Work order: Only the lines from the one containing "Appartement 2 pièces" to the end of the records belong in the answer; repeat them exactly and drop the pictures.

Dataset extract below:

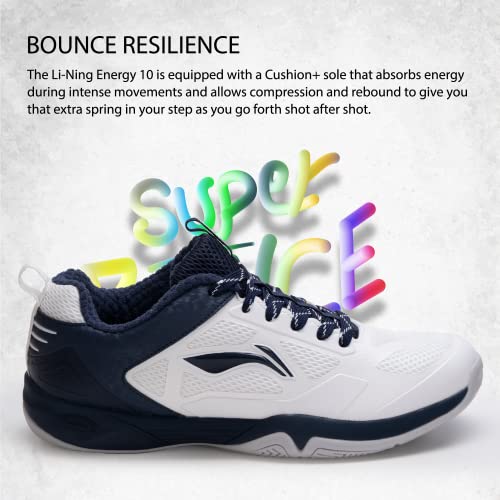 Image of Li-Ning Energy 10 Badminton Shoes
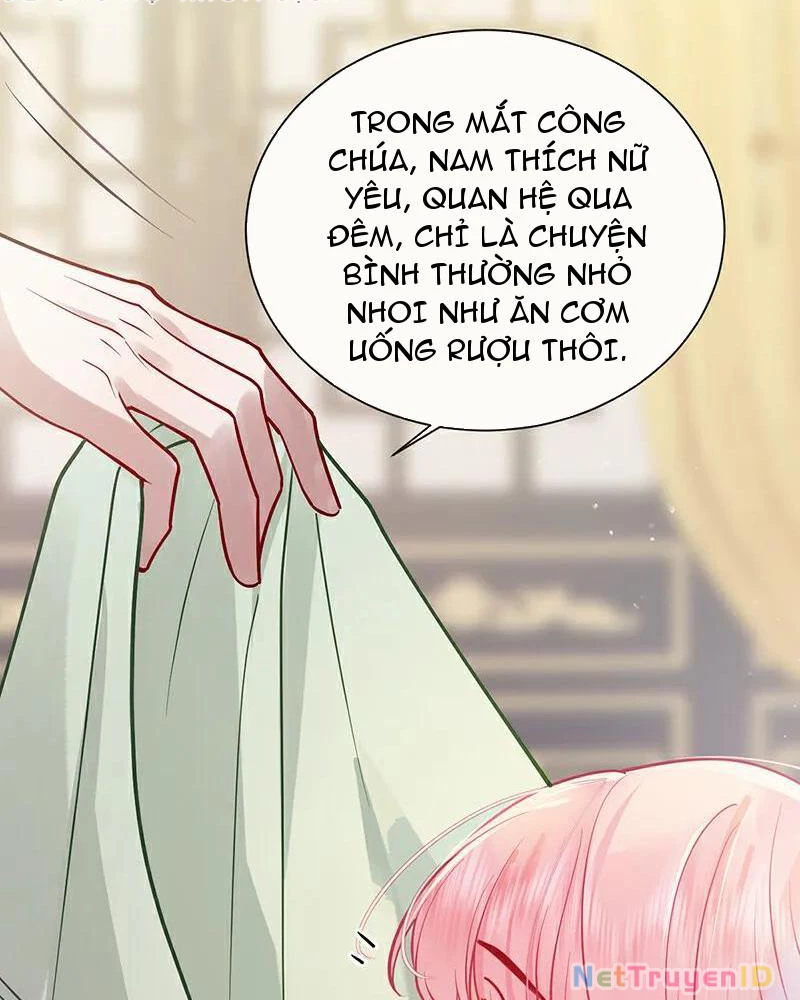 Sau Khi Công Chúa Bội Tình Bạc Nghĩa Chapter 63 - Trang 4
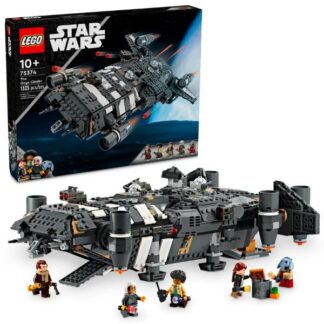 Lego Star Wars The Onyx Cinder για 10+ Ετών 1325τμχ Κωδικός: 75374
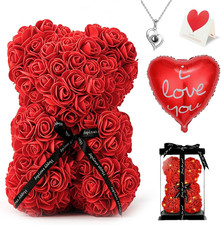 Orsetto Di Rose, Regalo per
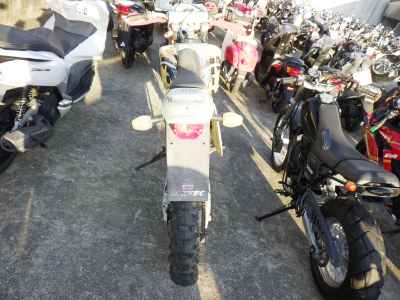 Husaberg FE400ES 2027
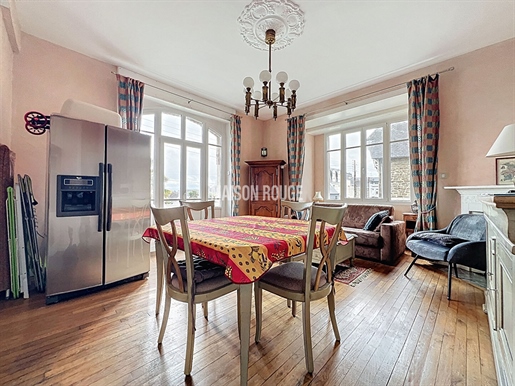 Appartement 2 pièces 43 m² · à Dinard · 43 m² · 233 500 €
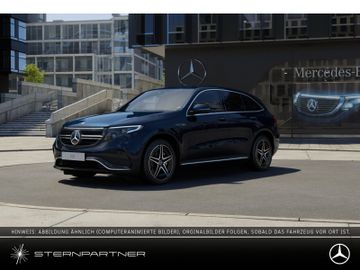 MB EQC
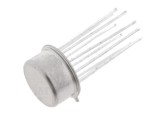 Amplificator de măsurare TO100 300kHz 0,4V/&mu;s 25uV Texas Instruments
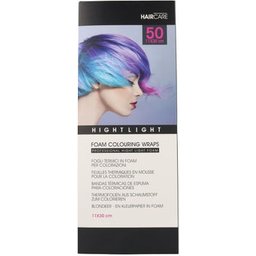 Professionnel Bandes Thermiques Mousse 11x30cm 50uts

End of Dataset extract.

Response box:
 Appartement 2 pièces 43 m² · à Dinard · 43 m² · 233 500 €
 MB EQC
 Amplificator de măsurare TO100 300kHz 0,4V/&mu;s 25uV Texas Instruments
 Professionnel Bandes Thermiques Mousse 11x30cm 50uts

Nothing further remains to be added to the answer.